NeurIPS 2025 (Workshop: ML4PS) Graph Learning Uncertainty Quantification Machine Learning Interatomic Potentials Residual Modeling MACE Out-of-Distribution Detection

P-DRUM: Post-hoc Descriptor-based Residual Uncertainty Modeling for Machine Learning Potentials¶

Conference: NeurIPS 2025 (Workshop: ML4PS)
arXiv: 2509.02927
Code: None
Area: Graph Neural Networks / Computational Chemistry
Keywords: Uncertainty Quantification, Machine Learning Interatomic Potentials, Residual Modeling, MACE, Out-of-Distribution Detection

TL;DR¶

This paper proposes P-DRUM, a simple and efficient post-hoc uncertainty quantification framework that leverages descriptors from a trained graph neural network potential to estimate prediction residuals as uncertainty proxies, requiring no modification to the original model architecture or training pipeline.

Background & Motivation¶

Machine learning interatomic potentials (MLIPs) are transforming materials science by enabling atomic-scale simulations at quantum mechanical accuracy but with computational efficiency orders of magnitude higher. However, the predictive reliability of MLIPs remains a critical concern, particularly for atomic configurations outside the training distribution.

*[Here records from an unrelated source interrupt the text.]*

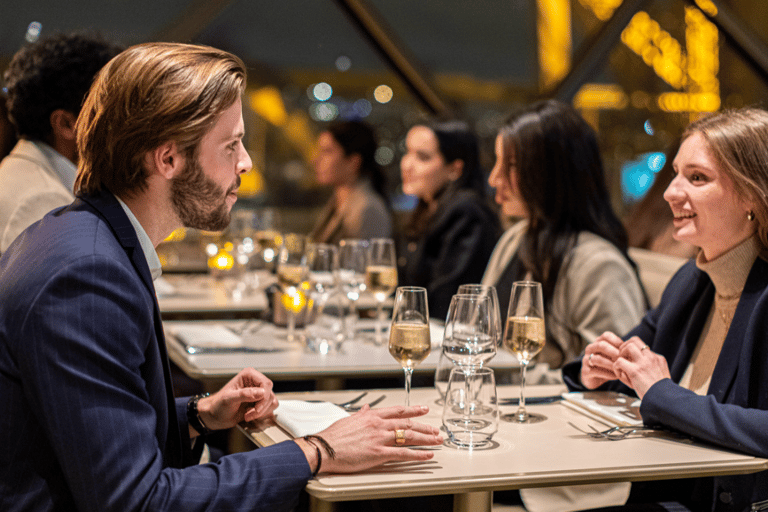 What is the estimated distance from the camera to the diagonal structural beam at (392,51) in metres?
4.69

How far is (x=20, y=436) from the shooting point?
3.77 feet

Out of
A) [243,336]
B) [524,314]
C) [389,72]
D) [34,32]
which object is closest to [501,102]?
[389,72]

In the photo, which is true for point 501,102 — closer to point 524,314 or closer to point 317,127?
point 317,127

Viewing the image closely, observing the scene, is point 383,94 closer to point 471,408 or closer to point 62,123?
point 62,123

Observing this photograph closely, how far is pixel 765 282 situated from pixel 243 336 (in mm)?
1571

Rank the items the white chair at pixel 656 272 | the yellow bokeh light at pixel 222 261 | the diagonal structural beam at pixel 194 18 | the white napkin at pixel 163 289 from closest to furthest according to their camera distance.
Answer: the white chair at pixel 656 272
the white napkin at pixel 163 289
the yellow bokeh light at pixel 222 261
the diagonal structural beam at pixel 194 18

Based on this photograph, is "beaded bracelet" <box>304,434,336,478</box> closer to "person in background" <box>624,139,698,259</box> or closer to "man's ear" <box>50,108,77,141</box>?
"man's ear" <box>50,108,77,141</box>

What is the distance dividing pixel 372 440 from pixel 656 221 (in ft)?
9.86

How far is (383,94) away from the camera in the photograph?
198 inches

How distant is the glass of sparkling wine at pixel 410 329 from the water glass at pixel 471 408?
0.18 meters

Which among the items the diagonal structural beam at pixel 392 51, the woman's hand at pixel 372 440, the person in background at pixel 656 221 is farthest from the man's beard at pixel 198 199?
the diagonal structural beam at pixel 392 51

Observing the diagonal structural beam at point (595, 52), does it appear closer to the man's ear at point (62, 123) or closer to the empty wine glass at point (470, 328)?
the man's ear at point (62, 123)

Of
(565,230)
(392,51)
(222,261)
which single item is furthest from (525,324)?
(392,51)

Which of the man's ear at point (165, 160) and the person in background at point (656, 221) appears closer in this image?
the man's ear at point (165, 160) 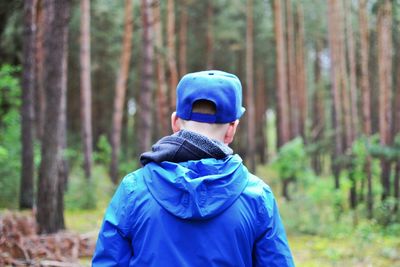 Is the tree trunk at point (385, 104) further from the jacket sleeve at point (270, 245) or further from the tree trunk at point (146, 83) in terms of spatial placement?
the jacket sleeve at point (270, 245)

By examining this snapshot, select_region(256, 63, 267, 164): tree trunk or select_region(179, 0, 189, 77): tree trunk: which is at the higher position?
select_region(179, 0, 189, 77): tree trunk

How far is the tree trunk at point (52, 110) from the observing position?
9445mm

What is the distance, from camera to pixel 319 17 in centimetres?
3669

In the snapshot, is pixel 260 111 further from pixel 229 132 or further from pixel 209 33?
pixel 229 132

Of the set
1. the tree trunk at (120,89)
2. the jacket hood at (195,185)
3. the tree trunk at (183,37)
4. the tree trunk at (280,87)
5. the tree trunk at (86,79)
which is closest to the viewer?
the jacket hood at (195,185)

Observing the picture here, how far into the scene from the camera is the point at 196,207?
1897 mm

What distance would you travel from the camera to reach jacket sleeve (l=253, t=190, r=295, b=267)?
198 cm

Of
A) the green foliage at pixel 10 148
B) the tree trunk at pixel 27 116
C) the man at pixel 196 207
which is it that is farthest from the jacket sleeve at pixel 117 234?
the green foliage at pixel 10 148

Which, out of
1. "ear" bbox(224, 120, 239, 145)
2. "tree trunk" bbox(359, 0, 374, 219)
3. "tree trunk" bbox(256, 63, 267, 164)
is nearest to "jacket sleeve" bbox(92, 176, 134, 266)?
"ear" bbox(224, 120, 239, 145)

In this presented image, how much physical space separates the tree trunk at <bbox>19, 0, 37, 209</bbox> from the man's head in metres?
12.5

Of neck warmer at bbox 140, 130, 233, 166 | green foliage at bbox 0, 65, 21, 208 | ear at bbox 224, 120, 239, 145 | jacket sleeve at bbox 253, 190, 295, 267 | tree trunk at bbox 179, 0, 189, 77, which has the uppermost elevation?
tree trunk at bbox 179, 0, 189, 77

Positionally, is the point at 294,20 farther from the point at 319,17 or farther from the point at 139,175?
the point at 139,175

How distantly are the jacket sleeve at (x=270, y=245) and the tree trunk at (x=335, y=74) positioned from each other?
16.6 meters

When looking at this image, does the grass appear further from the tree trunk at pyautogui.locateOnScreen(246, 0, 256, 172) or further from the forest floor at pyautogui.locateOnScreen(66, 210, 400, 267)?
the tree trunk at pyautogui.locateOnScreen(246, 0, 256, 172) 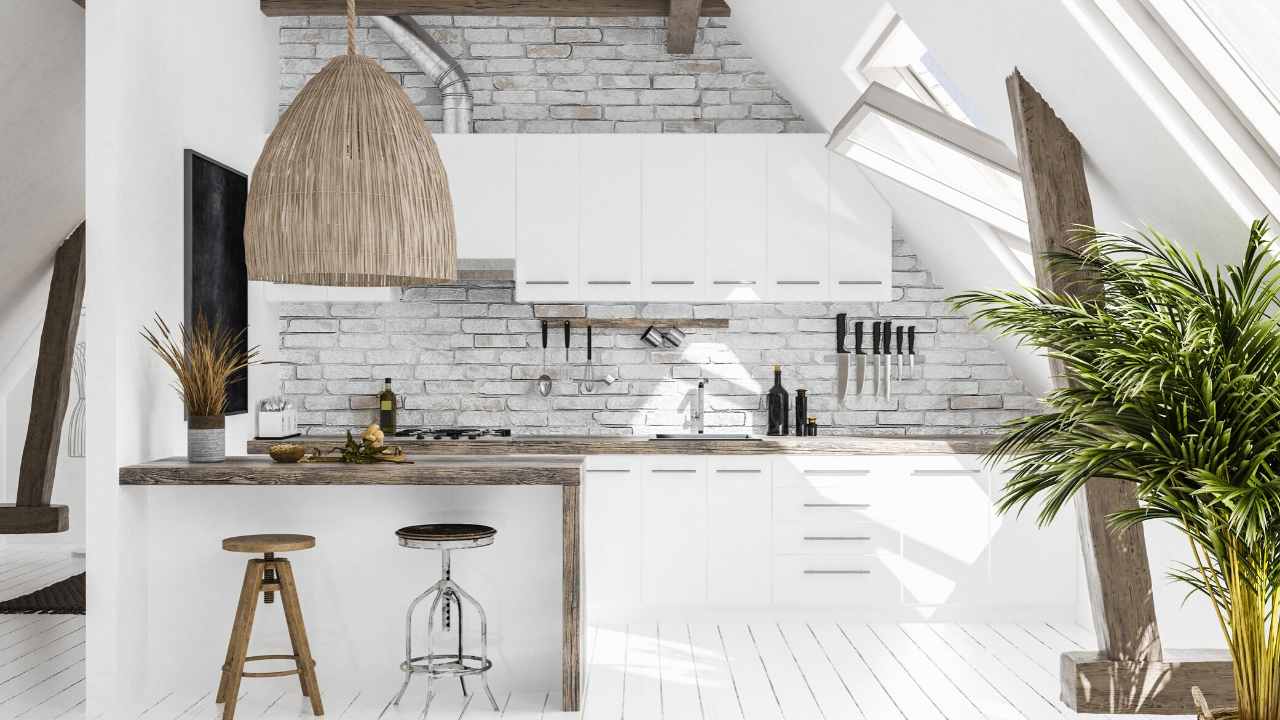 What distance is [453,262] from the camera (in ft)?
10.8

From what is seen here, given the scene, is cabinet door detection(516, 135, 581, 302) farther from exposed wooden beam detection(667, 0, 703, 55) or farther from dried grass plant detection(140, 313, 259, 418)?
dried grass plant detection(140, 313, 259, 418)

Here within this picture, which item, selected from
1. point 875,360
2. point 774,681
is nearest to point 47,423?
point 774,681

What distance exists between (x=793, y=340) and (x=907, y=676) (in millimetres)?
2068

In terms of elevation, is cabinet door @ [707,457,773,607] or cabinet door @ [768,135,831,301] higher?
cabinet door @ [768,135,831,301]

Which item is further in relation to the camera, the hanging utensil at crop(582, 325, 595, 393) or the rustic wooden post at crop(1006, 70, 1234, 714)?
the hanging utensil at crop(582, 325, 595, 393)

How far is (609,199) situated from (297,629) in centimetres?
267

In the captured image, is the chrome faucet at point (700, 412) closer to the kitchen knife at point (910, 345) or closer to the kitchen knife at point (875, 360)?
the kitchen knife at point (875, 360)

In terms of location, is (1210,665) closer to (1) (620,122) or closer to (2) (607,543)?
(2) (607,543)

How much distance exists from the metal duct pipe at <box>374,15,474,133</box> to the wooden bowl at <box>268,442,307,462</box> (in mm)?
2275

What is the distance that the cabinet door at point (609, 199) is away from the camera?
5.40 metres

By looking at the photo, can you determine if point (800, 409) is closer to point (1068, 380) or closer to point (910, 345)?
point (910, 345)

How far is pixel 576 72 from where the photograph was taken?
5789 millimetres

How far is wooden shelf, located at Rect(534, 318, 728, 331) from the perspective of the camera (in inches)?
225

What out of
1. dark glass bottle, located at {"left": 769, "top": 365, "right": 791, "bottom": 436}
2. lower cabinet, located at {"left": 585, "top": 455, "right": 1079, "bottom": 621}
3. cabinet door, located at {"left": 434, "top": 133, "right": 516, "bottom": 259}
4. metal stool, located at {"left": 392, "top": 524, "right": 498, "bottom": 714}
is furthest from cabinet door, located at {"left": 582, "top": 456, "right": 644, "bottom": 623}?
cabinet door, located at {"left": 434, "top": 133, "right": 516, "bottom": 259} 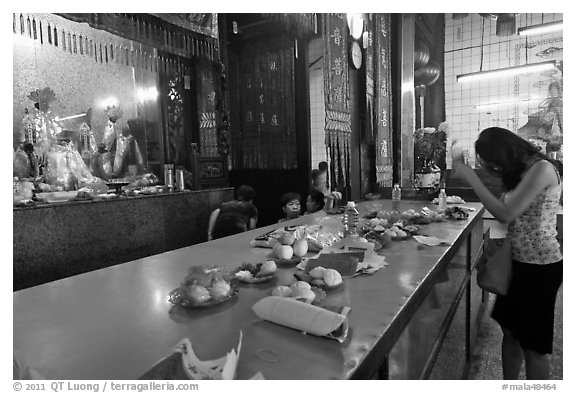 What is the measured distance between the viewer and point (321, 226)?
1812 millimetres

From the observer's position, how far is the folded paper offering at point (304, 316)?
638 millimetres

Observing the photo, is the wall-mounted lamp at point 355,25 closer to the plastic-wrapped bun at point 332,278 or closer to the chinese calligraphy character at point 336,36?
the chinese calligraphy character at point 336,36

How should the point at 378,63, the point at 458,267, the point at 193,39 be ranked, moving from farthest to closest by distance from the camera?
the point at 378,63 → the point at 193,39 → the point at 458,267

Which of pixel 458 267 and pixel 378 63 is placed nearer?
pixel 458 267

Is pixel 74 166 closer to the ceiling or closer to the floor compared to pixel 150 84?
closer to the floor

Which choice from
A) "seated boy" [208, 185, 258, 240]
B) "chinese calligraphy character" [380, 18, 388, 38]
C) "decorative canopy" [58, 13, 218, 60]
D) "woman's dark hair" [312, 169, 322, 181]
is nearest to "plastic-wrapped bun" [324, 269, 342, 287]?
"seated boy" [208, 185, 258, 240]

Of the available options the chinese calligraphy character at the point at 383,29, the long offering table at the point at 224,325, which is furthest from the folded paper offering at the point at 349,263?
the chinese calligraphy character at the point at 383,29

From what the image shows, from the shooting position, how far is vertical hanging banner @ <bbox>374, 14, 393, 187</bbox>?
4301 mm

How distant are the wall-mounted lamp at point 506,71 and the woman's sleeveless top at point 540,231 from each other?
4.97 metres

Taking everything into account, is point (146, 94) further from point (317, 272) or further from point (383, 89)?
point (317, 272) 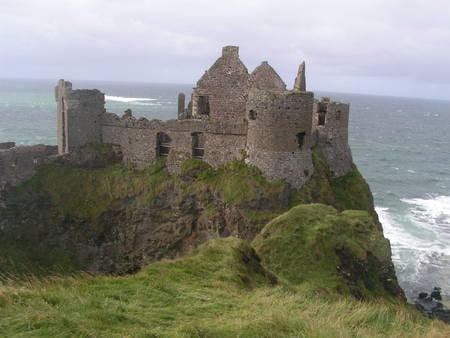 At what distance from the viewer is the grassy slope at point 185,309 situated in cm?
916

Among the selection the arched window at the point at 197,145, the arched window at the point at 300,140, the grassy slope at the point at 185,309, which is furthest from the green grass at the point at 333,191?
the grassy slope at the point at 185,309

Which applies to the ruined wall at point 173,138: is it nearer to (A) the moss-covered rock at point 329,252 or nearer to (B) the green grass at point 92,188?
(B) the green grass at point 92,188

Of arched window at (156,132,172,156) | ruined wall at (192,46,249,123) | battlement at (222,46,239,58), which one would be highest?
battlement at (222,46,239,58)

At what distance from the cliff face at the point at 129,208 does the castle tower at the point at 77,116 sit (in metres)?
0.83

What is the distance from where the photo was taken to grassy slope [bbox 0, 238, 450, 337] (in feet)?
30.1

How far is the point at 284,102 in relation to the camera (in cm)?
2895

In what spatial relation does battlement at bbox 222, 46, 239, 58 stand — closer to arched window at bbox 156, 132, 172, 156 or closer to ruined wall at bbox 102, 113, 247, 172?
ruined wall at bbox 102, 113, 247, 172

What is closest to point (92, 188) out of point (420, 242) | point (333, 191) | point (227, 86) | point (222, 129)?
point (222, 129)

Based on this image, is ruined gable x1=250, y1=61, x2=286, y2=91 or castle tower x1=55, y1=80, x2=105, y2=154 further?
castle tower x1=55, y1=80, x2=105, y2=154

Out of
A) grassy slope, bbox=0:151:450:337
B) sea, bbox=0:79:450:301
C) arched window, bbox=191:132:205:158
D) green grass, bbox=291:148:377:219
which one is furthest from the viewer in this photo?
sea, bbox=0:79:450:301

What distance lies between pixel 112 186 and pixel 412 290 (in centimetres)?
2302

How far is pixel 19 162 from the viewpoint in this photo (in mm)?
33062

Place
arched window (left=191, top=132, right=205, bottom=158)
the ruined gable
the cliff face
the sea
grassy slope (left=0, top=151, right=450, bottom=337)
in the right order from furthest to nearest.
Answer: the sea → the ruined gable → arched window (left=191, top=132, right=205, bottom=158) → the cliff face → grassy slope (left=0, top=151, right=450, bottom=337)

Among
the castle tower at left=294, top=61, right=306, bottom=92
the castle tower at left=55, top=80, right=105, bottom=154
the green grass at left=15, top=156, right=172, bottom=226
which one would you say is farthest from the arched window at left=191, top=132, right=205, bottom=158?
the castle tower at left=294, top=61, right=306, bottom=92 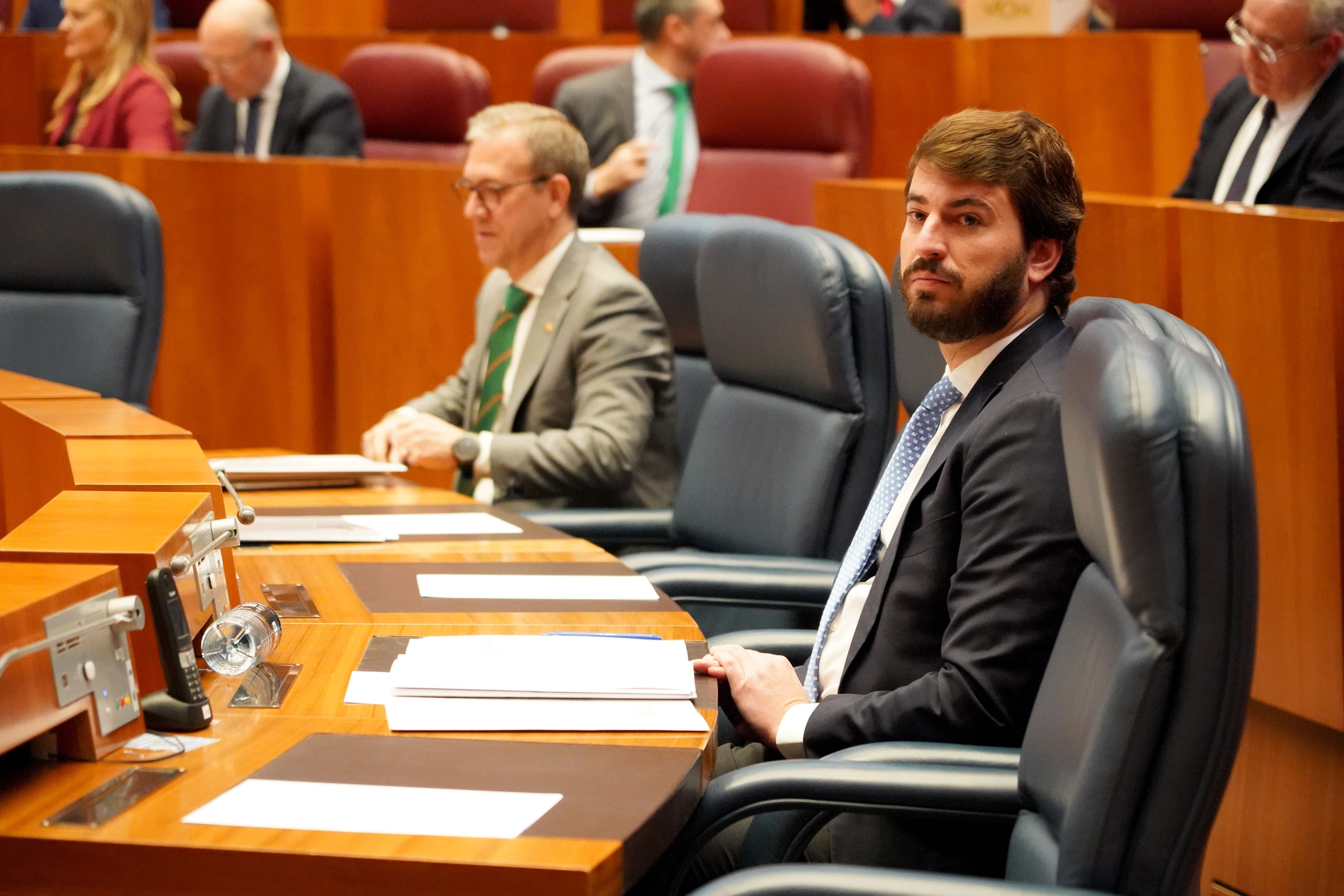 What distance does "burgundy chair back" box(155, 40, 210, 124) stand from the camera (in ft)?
18.4

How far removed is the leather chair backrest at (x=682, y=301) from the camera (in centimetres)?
281

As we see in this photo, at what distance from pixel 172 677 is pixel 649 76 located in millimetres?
3336

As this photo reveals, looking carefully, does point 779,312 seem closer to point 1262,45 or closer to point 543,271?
point 543,271

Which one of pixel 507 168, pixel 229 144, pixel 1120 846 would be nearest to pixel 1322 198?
pixel 507 168

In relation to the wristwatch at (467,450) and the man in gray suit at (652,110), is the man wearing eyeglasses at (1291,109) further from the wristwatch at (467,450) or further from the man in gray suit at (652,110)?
the man in gray suit at (652,110)

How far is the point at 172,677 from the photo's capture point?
1.39 meters

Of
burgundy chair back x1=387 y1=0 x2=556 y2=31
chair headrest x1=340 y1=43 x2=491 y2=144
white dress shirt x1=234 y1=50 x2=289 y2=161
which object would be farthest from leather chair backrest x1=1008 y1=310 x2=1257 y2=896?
burgundy chair back x1=387 y1=0 x2=556 y2=31

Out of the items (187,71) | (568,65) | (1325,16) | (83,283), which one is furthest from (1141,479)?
(187,71)

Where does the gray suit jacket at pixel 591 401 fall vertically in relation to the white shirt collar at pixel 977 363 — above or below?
below

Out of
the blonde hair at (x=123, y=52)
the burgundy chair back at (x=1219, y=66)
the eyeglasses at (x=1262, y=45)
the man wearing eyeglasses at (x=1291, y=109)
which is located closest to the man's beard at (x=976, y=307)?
the man wearing eyeglasses at (x=1291, y=109)

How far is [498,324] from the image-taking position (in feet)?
9.57

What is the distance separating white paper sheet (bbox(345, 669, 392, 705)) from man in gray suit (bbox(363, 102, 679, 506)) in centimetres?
113

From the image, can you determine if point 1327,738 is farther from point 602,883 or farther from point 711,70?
point 711,70

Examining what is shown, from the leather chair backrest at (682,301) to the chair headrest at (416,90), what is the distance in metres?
2.12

Limitations of existing uncertainty quantification (UQ) methods:

Method	Strengths	Limitations
Ensemble methods	Best performance; regarded as the gold standard	Requires training and running multiple models; high computational cost
MC Dropout	Exploits dropout at inference time	Not natively supported by some models (e.g., MACE); may degrade accuracy
Deep Kernel Learning	Combines NNs with Gaussian processes	Requires modification of the training pipeline
kNN / GMM	Post-hoc; operates in descriptor space	Does not exploit prediction error information

Core motivation: Can one design a post-hoc method that estimates prediction errors solely from descriptors of a trained model, without modifying the model or accessing training logs?

Method¶

Overall Architecture¶

P-DRUM proceeds in three steps:

Extract descriptors: Given a trained MACE model, extract descriptor $D_{ij} \in \mathbb{R}^{d_{\text{desc}}}$ for each atom $j$ in each structure $X$.
Compute residuals: Energy residual $\Delta E = E - \hat{E}$ and force residual $\Delta \mathbf{F} = \mathbf{F} - \hat{\mathbf{F}}$.
Train a lightweight MLP: Using descriptors as input and residuals as targets, train an MLP to predict residuals; the magnitude of predicted residuals serves as the uncertainty indicator.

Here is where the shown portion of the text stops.